In order to reduce latency, enhance user privacy, and minimize energy use, the future of artificial intelligence (AI) has to be more edge-based and decentralized. At present, most of the cutting-edge AI algorithms available consume so many computational resources that they can only run on powerful hardware in the cloud. But as more and more use cases arise that do not fit this prevailing paradigm, efforts to optimize and shrink algorithms down to size for on-device execution are picking up steam.
In an ideal world, any AI algorithm you might need would be perfectly comfortable running directly on the hardware that produces the data it analyses. But we are still a long way from that goal. Moreover, we cannot simply wait for major technological innovations to be achieved — we have needs that must be met now. For this reason, some compromises have to be made. We may not be able to run the algorithm we need entirely on a microcontroller, but perhaps with a boost from some nearby edge systems, we can make things work anyway.
That is the basic idea behind a technique called split learning (SL), in which microcontrollers may execute the first few layers of a neural network before transmitting those results to a nearby machine that finishes the job. In this way, SL preserves privacy by transmitting data (intermediate activations) that is generally uninterpretable. Furthermore, latency is reduced since the machines can communicate via a local network.
SL is still an area that is heavily experimental, however. How well does it work, and under what conditions? What are the best networking protocols to use? How much time can be saved? We do not have any comprehensive studies answering these types of questions, so a team at the Technical University of Braunschweig in Germany set out to get some answers. They designed an end-to-end TinyML and SL testbed built around ESP32-S3 microcontroller development boards and benchmarked a variety of solutions.
The researchers chose to implement their system using MobileNetV2, a compact image classification neural network architecture commonly used in mobile environments. To make the model small enough to run on ESP32 boards, they applied post-training quantization, reducing the model to 8-bit integers and splitting it at a layer called block_16_project_BN. This decision resulted in a manageable 5.66 KB intermediate tensor being passed between devices.
Four different wireless communication protocols were tested: UDP, TCP, ESP-NOW, and Bluetooth Low Energy (BLE). These protocols vary in terms of latency, energy efficiency, and infrastructure requirements. UDP showed excellent speed, achieving a round-trip time (RTT) of 5.8 seconds, while ESP-NOW outperformed all others with an RTT of 3.7 seconds, thanks to its direct, infrastructure-free communication model. BLE consumed the least energy but suffered the highest latency, stretching over 10 seconds due to its lower data throughput.
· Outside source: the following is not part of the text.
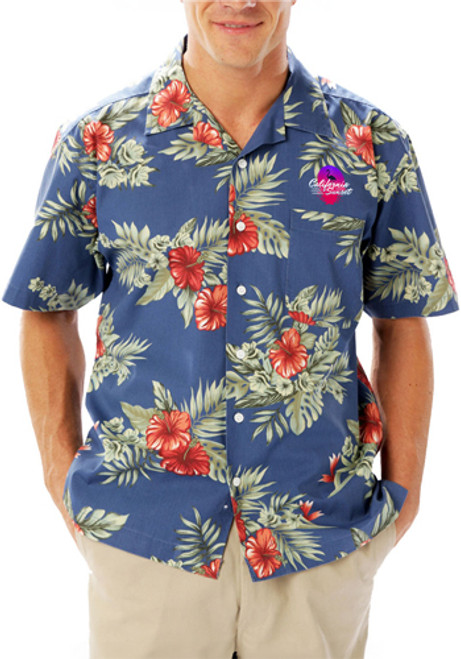 Blue Generation Adult Floral Print Camp Shirts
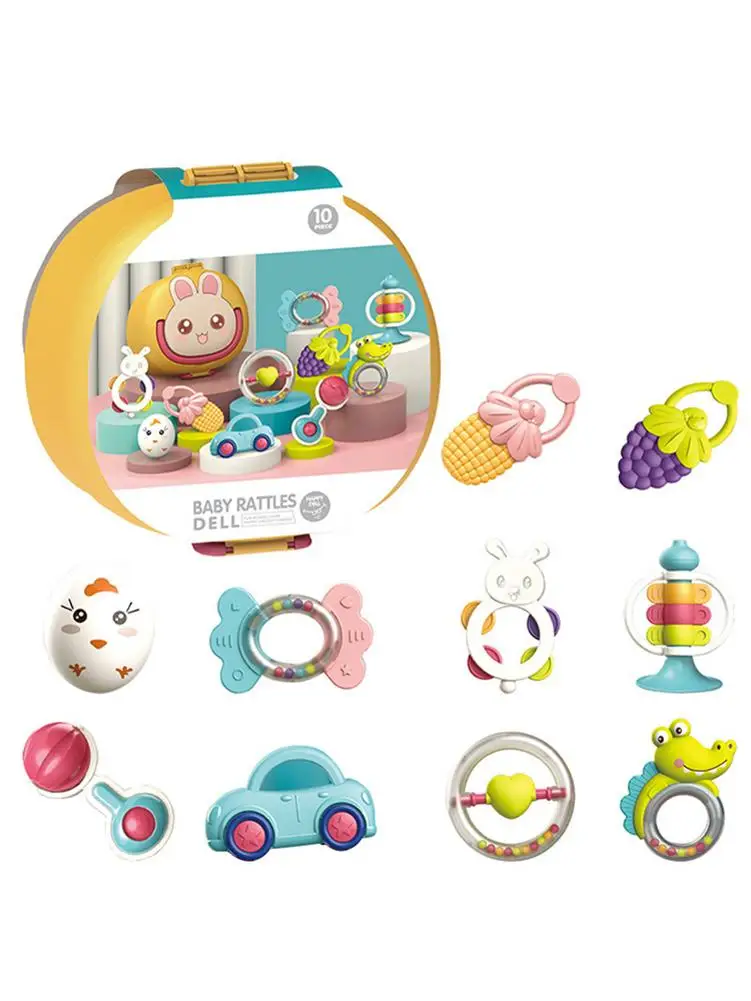 

10PCS Rattle Toy Set Baby Toys Baby Rattle Teething Toys Infant Shaker With Storage Box For Baby Baby Fun Toys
In all cases, the team used over-the-air firmware updates to remotely deploy their partitioned neural network models to the microcontrollers. The edge server, a desktop PC in this case, handled all training, splitting, quantization, and firmware generation tasks. Each part of the split model was compiled into a standalone Arduino firmware image and flashed onto different ESP32 devices. One board captured images from a connected camera and ran the first half of the model, while another completed the inference process.
Ultimately, no single solution is right for every application. But with benchmarks such as those produced in this work, we have the raw information we need to choose the right tool for each job.